• **Task brief**
Print every entry below exactly, leaving out the pictures.

• **The data**
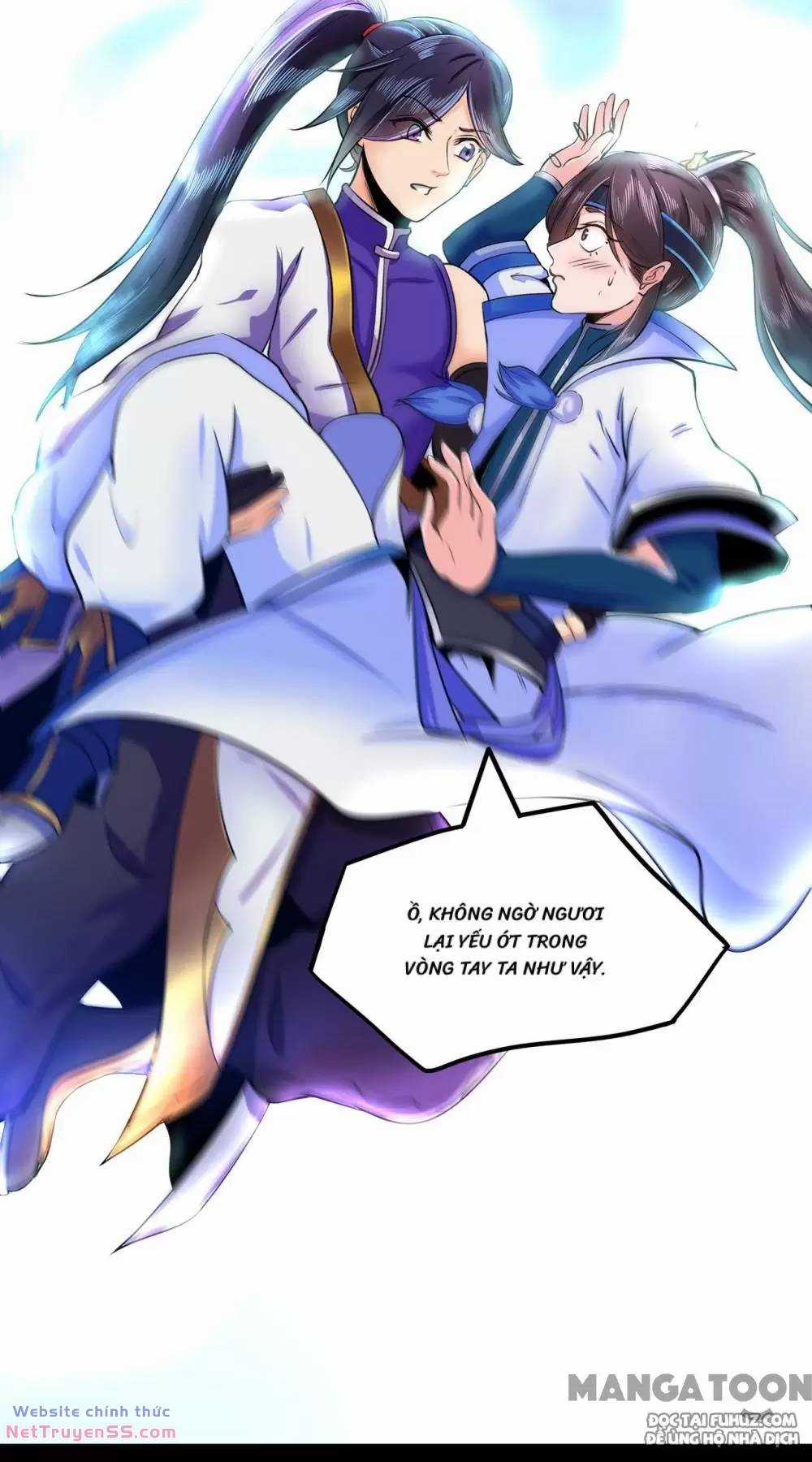 Cuồng Đồ Tu Tiên Chapter 49 trang 31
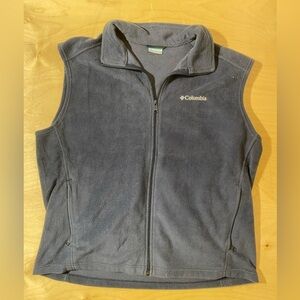 Columbia Fleece Vest XL (JC)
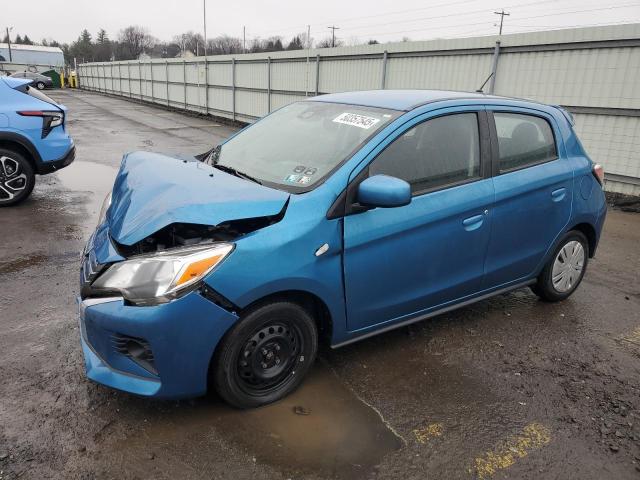 Vin: ml32auhj4nh008432, lot: 50357545, mitsubishi mirage es 2022 img_1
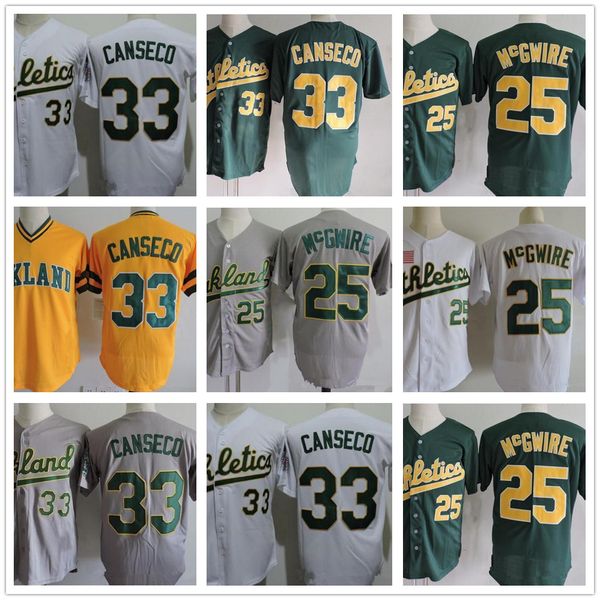 retro men women youth 33 jose canseco jersey mark 25 mcgwire mens white grey yellow stitched baseball jerseys, Blue;black
retro men women youth 33 jose canseco jersey mark 25 mcgwire mens white grey yellow stitched baseball jerseys, Blue;black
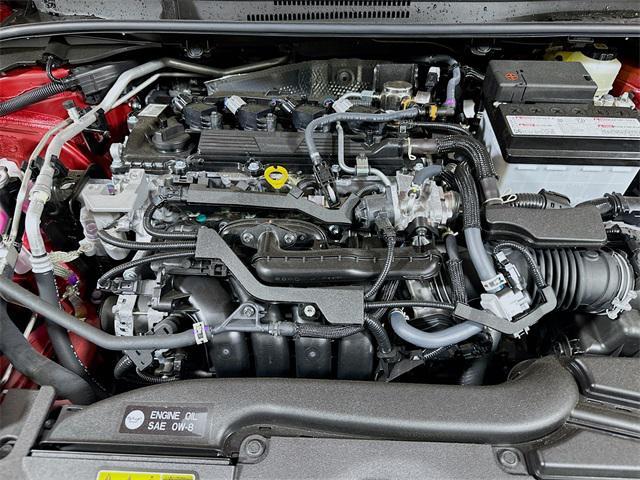 new 2025 Toyota Corolla car, priced at $26,241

• **Written solution**
 Cuồng Đồ Tu Tiên Chapter 49 trang 31
 Columbia Fleece Vest XL (JC)
 Vin: ml32auhj4nh008432, lot: 50357545, mitsubishi mirage es 2022 img_1
 retro men women youth 33 jose canseco jersey mark 25 mcgwire mens white grey yellow stitched baseball jerseys, Blue;black
retro men women youth 33 jose canseco jersey mark 25 mcgwire mens white grey yellow stitched baseball jerseys, Blue;black
 new 2025 Toyota Corolla car, priced at $26,241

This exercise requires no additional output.